→ Task material:
▬▬▬

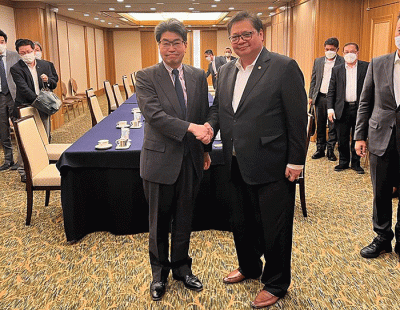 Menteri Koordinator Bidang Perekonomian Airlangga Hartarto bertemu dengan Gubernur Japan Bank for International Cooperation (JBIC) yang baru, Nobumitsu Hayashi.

▬▬▬

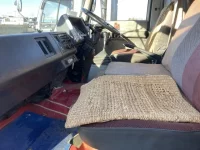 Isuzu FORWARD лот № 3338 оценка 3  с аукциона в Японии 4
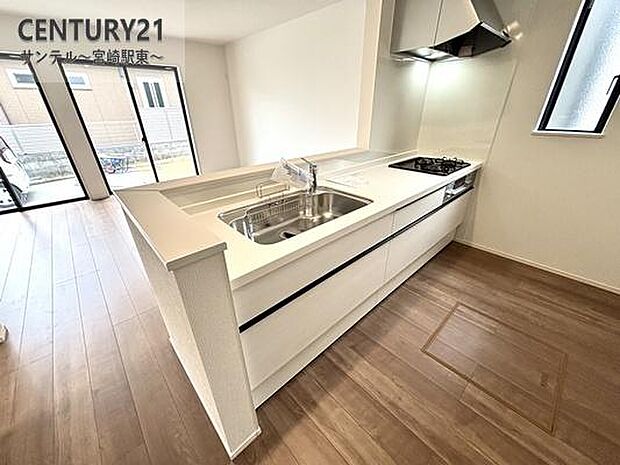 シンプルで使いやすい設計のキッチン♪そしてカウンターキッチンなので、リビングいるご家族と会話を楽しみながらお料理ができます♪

▬▬▬

I'd like the lines above repeated exactly, from the one that contains "Isuzu FORWARD лот" through the one that contains "シンプルで使いやすい設計のキ", with no pictures.

→ Reply to the exercise:
 Isuzu FORWARD лот № 3338 оценка 3  с аукциона в Японии 4
 シンプルで使いやすい設計のキッチン♪そしてカウンターキッチンなので、リビングいるご家族と会話を楽しみながらお料理ができます♪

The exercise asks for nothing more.